Monday, October 5, 2009

Digital Media and Learning

This article is in response to a paper funded by the MacArthur Foundation called "Confronting the Challenges of Participatory Culture: Media Education for the 21st Century.  The paper discussed our new digital generation and the current participatory culture that has come out of it, along with the new skills needed in this environment. Although I agree with the intent of the paper and agree with most everything it says, I disagree with a few points it makes.  This is from my own bias on the importance gaming, but I felt there were too many references and examples of gaming, or at least not enough of other forms of digital media that in my mind would have done a better job of making the argument for the paper.  The argument as I understood it, or the most important issue that stood out to me -- 
            
 "Schools as institutions have been slow to react to the emergence of this new participatory clulture; the greatest opportunity for change is currently found in after-school programs and informal learning communities.(Jenkins p.4)"


I'm not so sure why this statement is so shocking to me because I was in high school only four years ago, but I find it very unsettling that most students learn valuable skills and retain more information outside the classrooms.  I don't feel like this is the teachers fault, because I know many work hard to include digital media in lessons whenever they can, but it comes down to the school system that limits what teachers should teach, how they should teach it, and the resources to do so.  Jenkins list three concerns about students interacting on their own that include unequal opportunities, misperception, and ethical concerns.  I believe this is just the tip of the iceberg for reasons why there is need for a more formal education in digital media in the classroom.


There are skills listed that come in play with digital media literacy.  Of these eleven, I feel that the two most important in my experience are judgement and collective intelligence.
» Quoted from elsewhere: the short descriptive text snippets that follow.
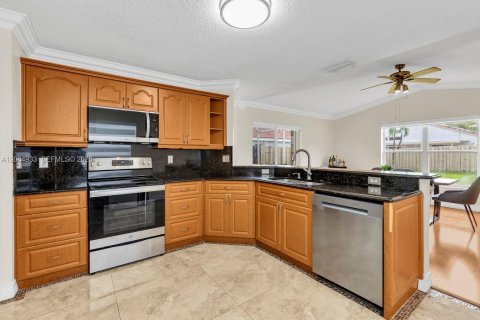 Villa ou maison à vendre à Miramar, Floride: 3 chambres, 172.98 m2 № 2279525 - photo 12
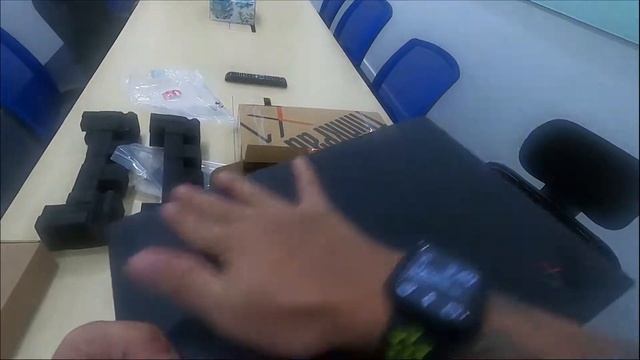 RAW UNBOXING - Lenovo Thinkpad X1 Carbon Gen 9 (Out of the Box Experience) смотреть онлайн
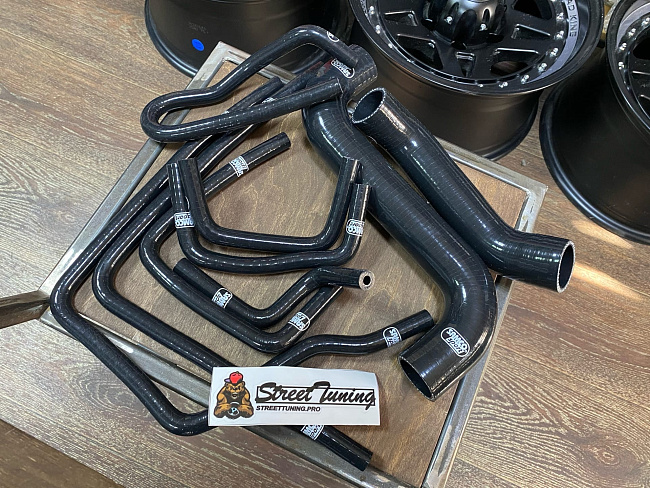 картинка Патрубки системы охлаждения Subaru Impreza GD турбо 05-08 (рестайл)9шт, черные магазин  StreetTuning 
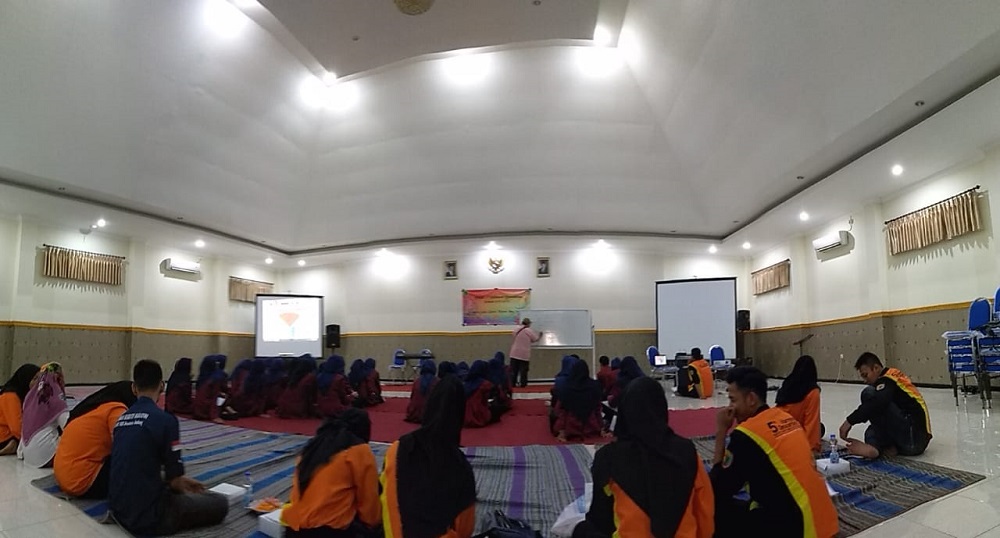 UKM PADUAN SUARA HARMONI DEWANTARA STIE PGRI DEWANTARA GELAR DIKLAT HARMONI DEWANTARA JOMBANG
Digital media should be taught in the classroom because with the availability of the internet, students need to be able to set apart virtual reality and real world concepts along with reliability and credibility and understanding the intent of the information being given.  Also, I feel that there has always been taboo around techie-computer literate people and that they keep to themselves, game all day long, and have little interactions with others.  Collective intelligence along with networking is a great to link people, ideas, and information together.  The digital media world is no longer as individualized at it use to be and it think that is the whole point for the participatory culture.